Green building

Efficient energy use

The sun

If the building faces North it is a simple matter to design a building to accept winter sun, but reject summer sun. 

A further refinement is to build walls or floors with thermal mass to absorb heat or "coolth" for release at night. The rammed earth wall below absorbs sunlight during the day and warms the house at night.

  

As far back as the 5th century BC, the Greeks were building their homes in grid patterns to utilize solar power. It was such an accepted technology that the playwright Aeschylus wrote that only pri​mitives “lacked knowledge of houses turned to face the winter sun, dwelling beneath the ground like swarming ants in sunless caves.”

Insulation

Insulation makes up about 1% of the building cost, and pays for itself in energy savings in 3-5 years. Glasswool and rockwool are made of molten glass or blast furnace slag. They save 100-400 X the energy used to make them and last the life of the house. Source

Most of the heat is lost through the ceiling as the warm air rises, so there is a large reward in putting insulation here.

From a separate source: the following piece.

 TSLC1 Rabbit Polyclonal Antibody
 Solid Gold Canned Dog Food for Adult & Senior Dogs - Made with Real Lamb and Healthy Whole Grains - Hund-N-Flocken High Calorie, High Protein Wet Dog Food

A refinement is to put thermal mass such as a masonary wall,on the North side, but insulation on the South side. The last thing you need is thermal mass on the south side where it picks up cold and cools the house at night.

Sealing 

If warm air can escape, it will take heat with it. If draughts are blocked then heat will be saved. In very cold climates heat exchangers can recover heat from escaping air and use it to heat incoming ir. This is a bit extreme for most of australia.

Lighting

 

LED lights use one fifth the electricity of a normal tungsen light. The also last a lifetime so save a fortune
in time wasted changing lights

  

 

Skylights are even more efficient, avoiding the use of lights during the day.  

PV cells

PV cells provide electricity at about 17c/kWh during the day when peak prices can be above 50c. Good time to  install a PV system.

Washing machines, swimming pool pumps, etc, can be turned on while the PV is generating power during the day

Solar hot water  

Water heating can be the biggest part of your electricity bill. Installing solar hot water can pay itself off in 3-4 years.